» DATA TO PROCESS
== Segment start ==
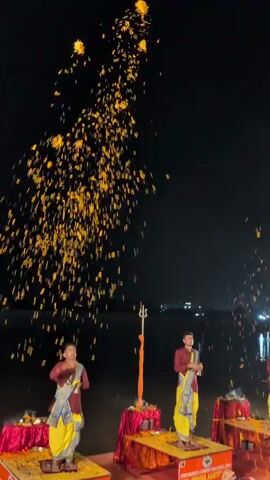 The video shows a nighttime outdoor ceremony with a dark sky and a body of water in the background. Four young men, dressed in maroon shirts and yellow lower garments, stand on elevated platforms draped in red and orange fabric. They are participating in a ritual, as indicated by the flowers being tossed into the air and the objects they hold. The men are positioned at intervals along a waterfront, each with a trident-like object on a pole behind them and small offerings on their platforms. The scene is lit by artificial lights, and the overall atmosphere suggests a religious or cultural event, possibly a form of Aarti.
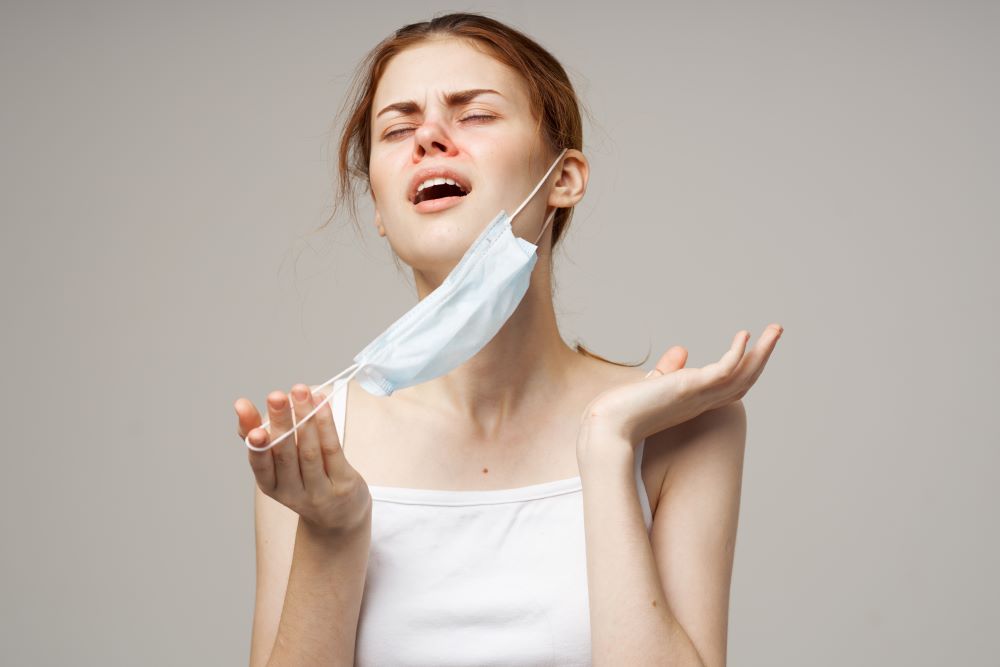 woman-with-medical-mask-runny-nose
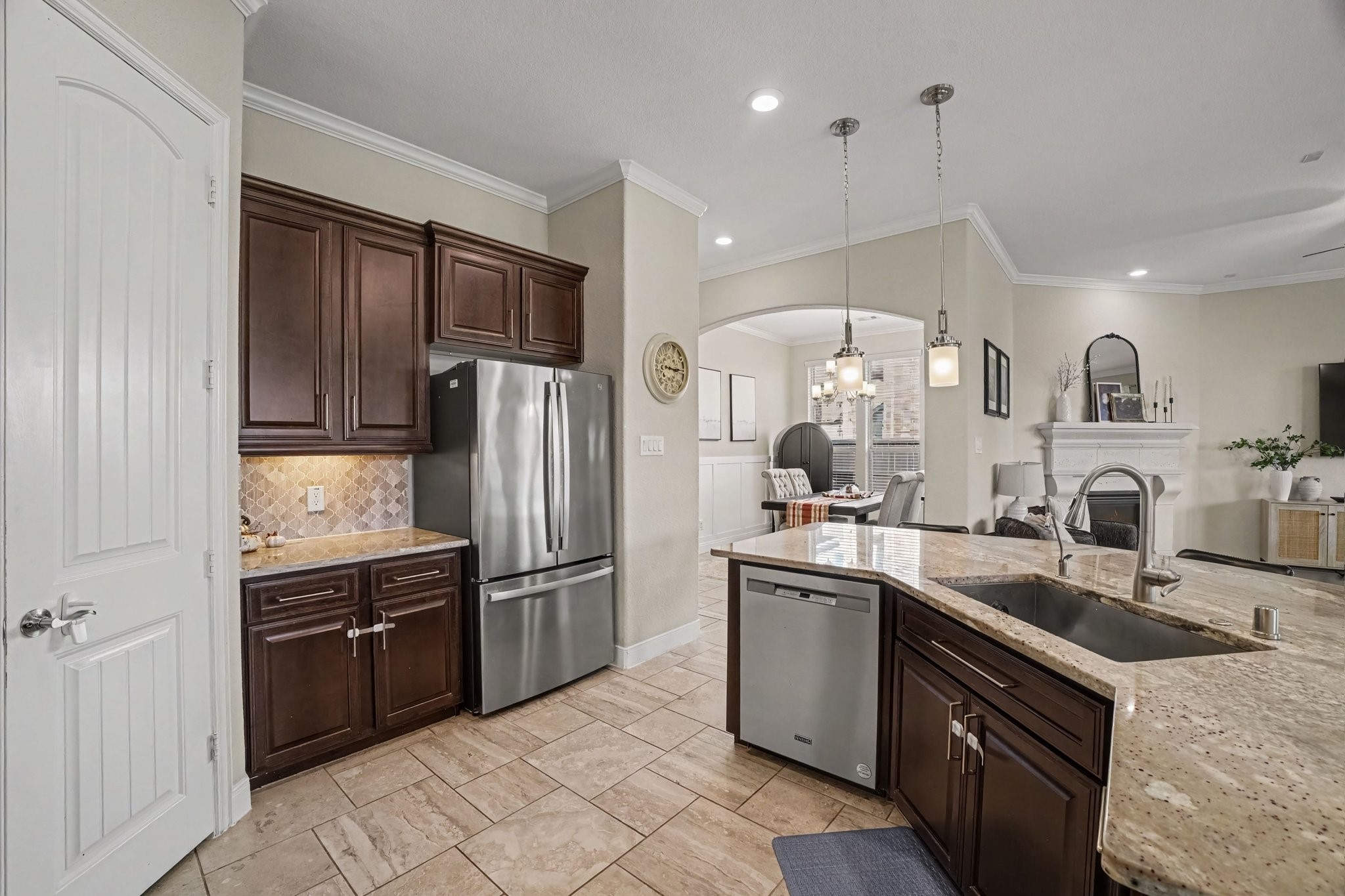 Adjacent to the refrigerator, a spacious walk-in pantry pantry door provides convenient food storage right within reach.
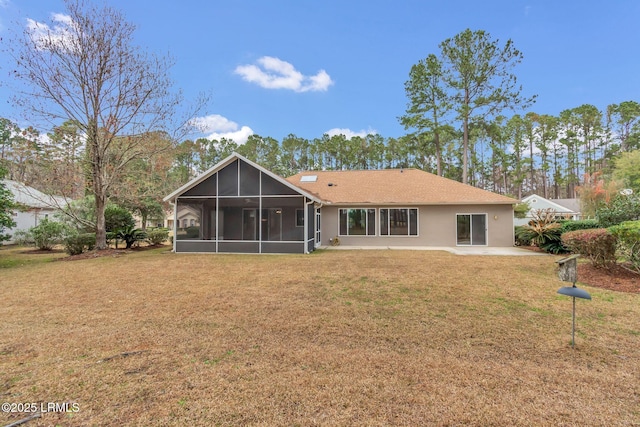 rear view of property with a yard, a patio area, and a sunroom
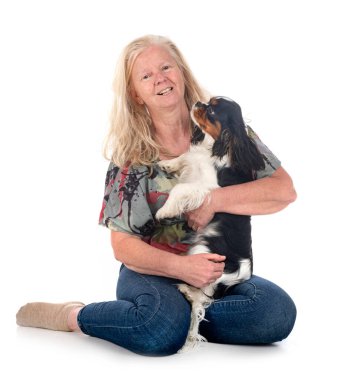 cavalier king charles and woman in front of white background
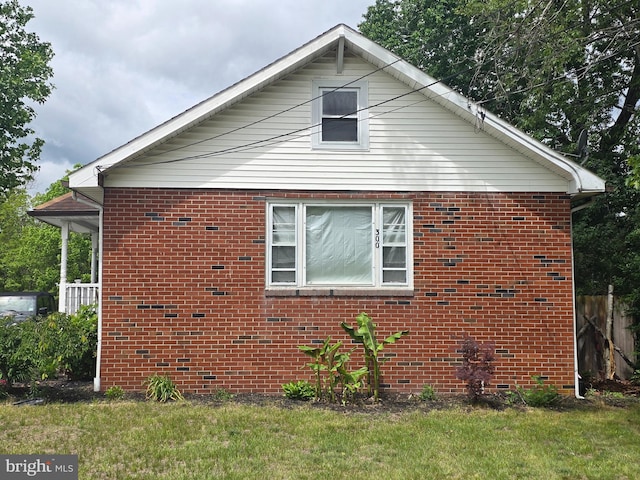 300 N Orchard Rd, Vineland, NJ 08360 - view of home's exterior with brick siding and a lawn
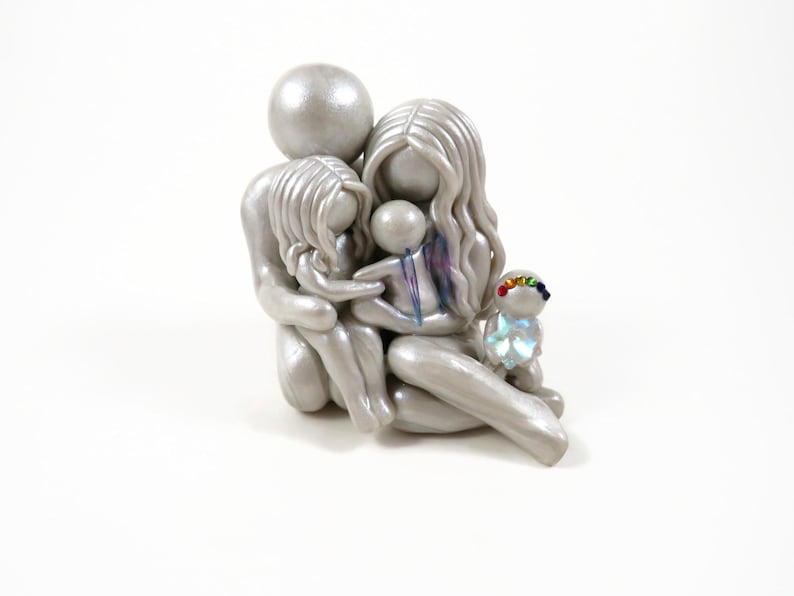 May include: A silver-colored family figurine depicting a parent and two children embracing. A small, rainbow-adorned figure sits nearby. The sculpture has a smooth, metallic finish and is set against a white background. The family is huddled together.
== Segment end ==
== Segment start ==
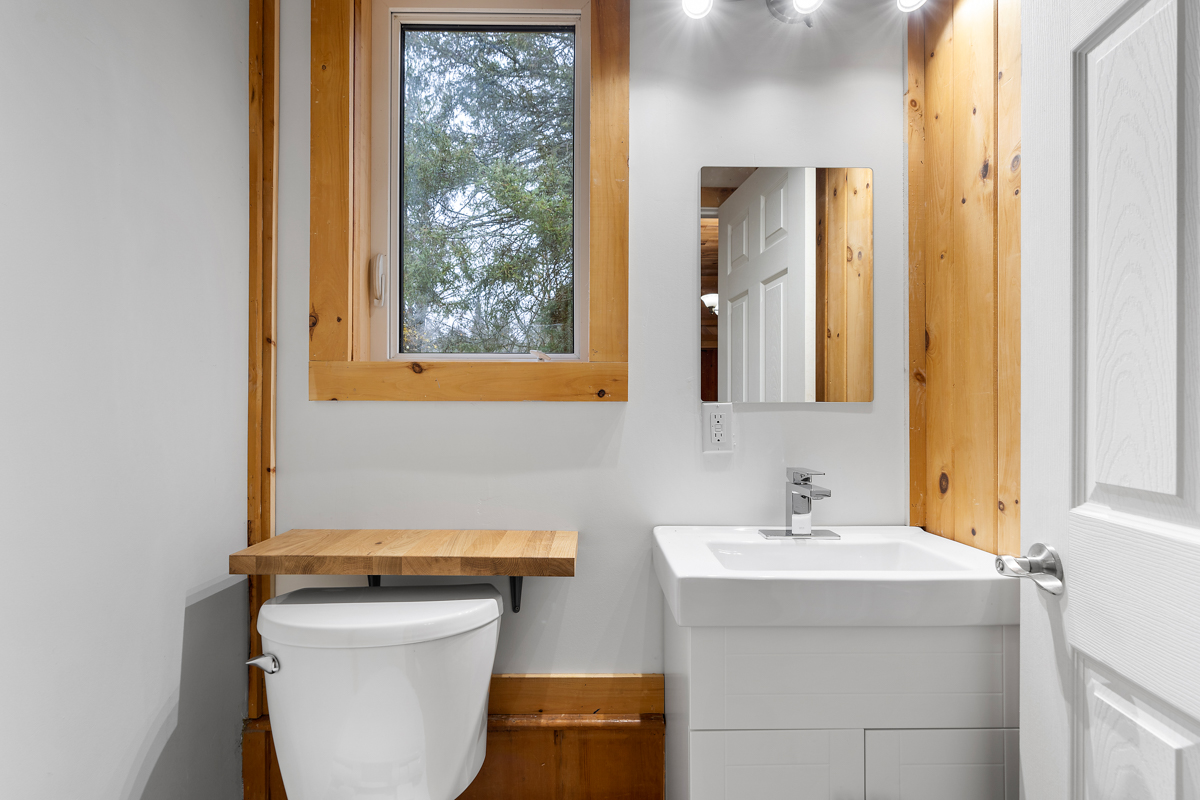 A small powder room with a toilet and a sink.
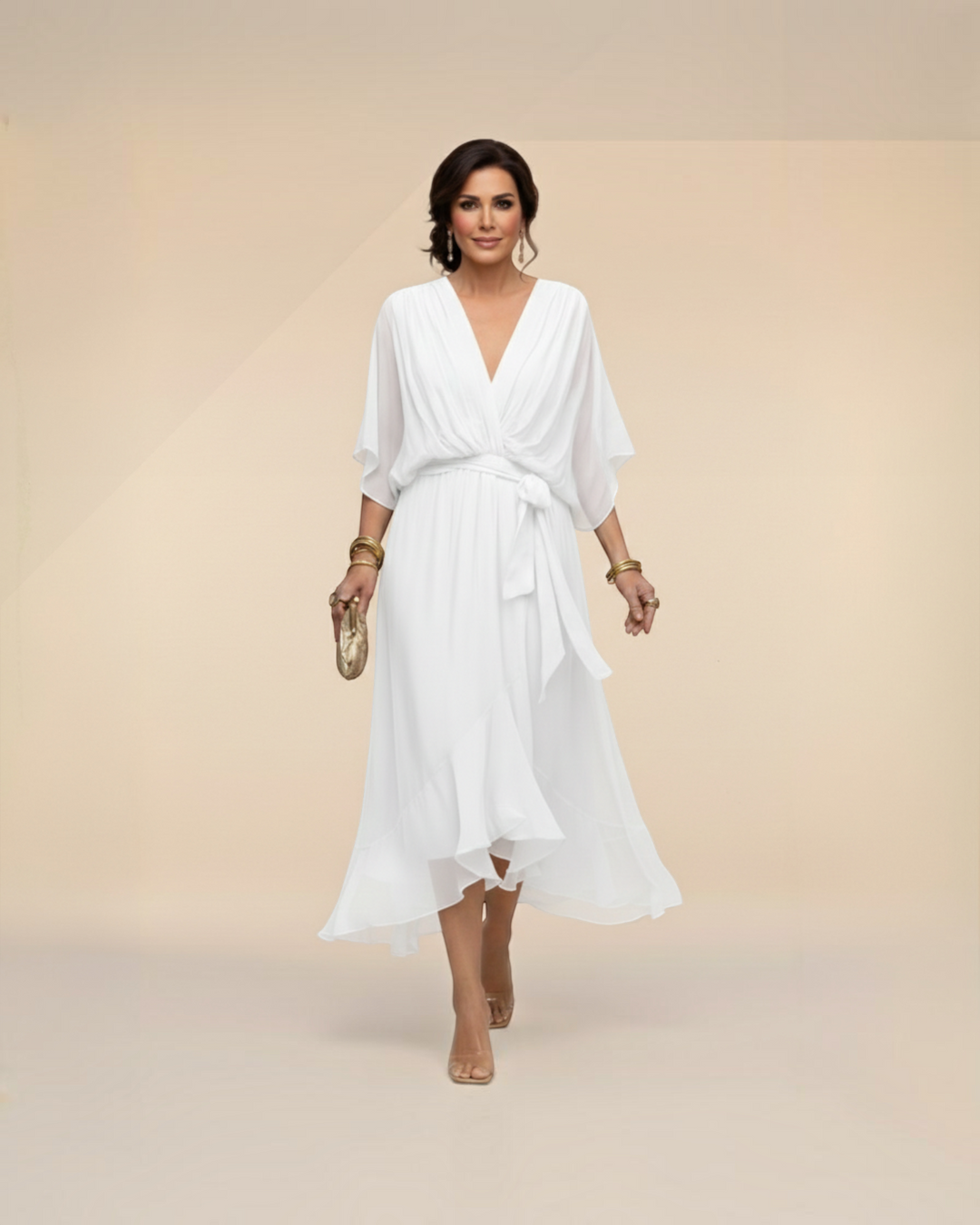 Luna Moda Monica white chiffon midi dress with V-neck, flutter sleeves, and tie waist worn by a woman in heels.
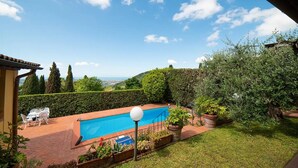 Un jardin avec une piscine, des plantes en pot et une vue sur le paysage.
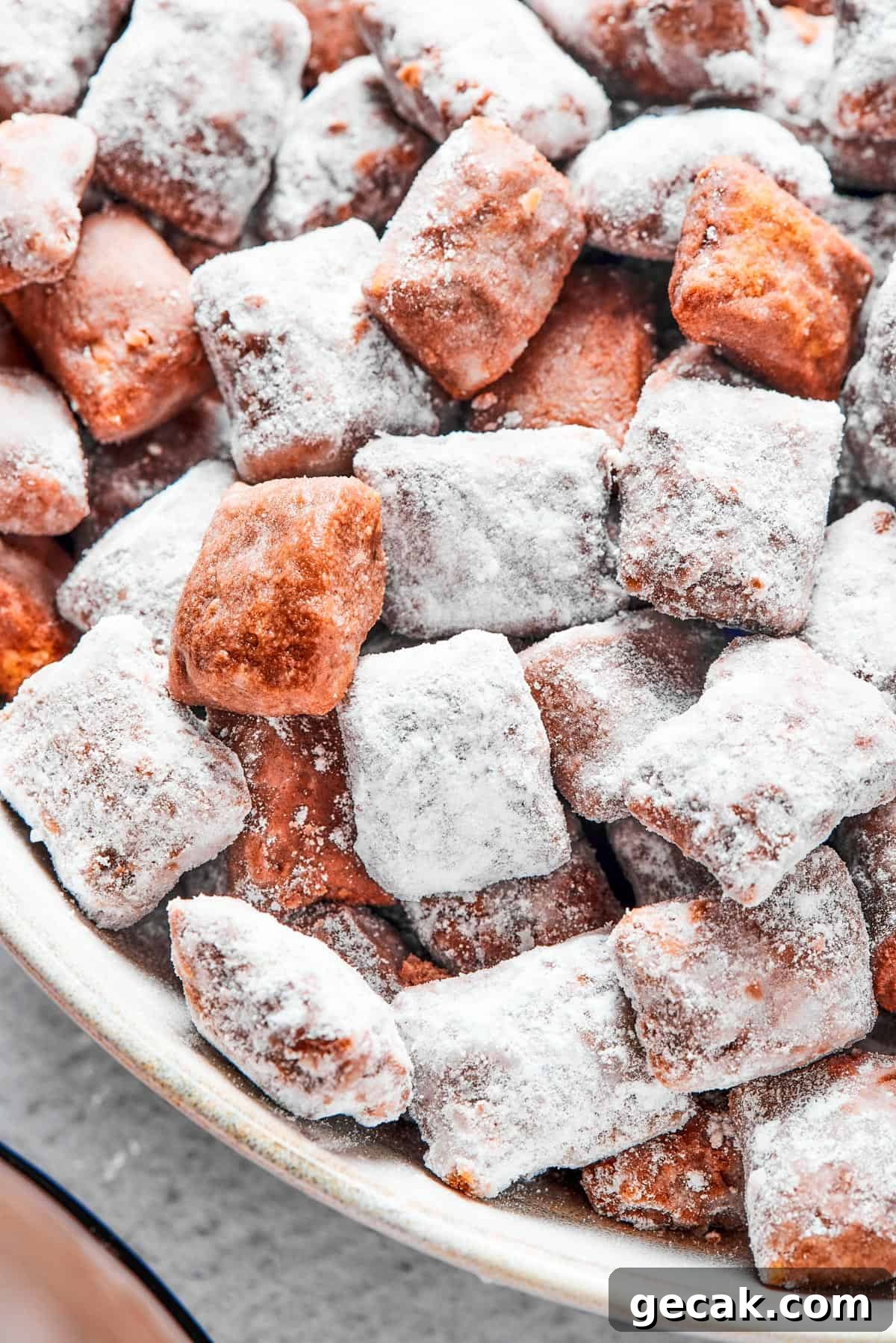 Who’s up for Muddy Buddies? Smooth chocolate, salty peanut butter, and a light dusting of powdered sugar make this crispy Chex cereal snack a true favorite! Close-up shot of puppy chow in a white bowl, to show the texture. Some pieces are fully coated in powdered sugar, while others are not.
== Segment end ==
Only one stretch of the entries above is needed: the lines from the one containing "Luna Moda Monica" through the one containing "Who’s up for". Copy it exactly, without the pictures.

 Luna Moda Monica white chiffon midi dress with V-neck, flutter sleeves, and tie waist worn by a woman in heels.
 Un jardin avec une piscine, des plantes en pot et une vue sur le paysage.
 Who’s up for Muddy Buddies? Smooth chocolate, salty peanut butter, and a light dusting of powdered sugar make this crispy Chex cereal snack a true favorite! Close-up shot of puppy chow in a white bowl, to show the texture. Some pieces are fully coated in powdered sugar, while others are not.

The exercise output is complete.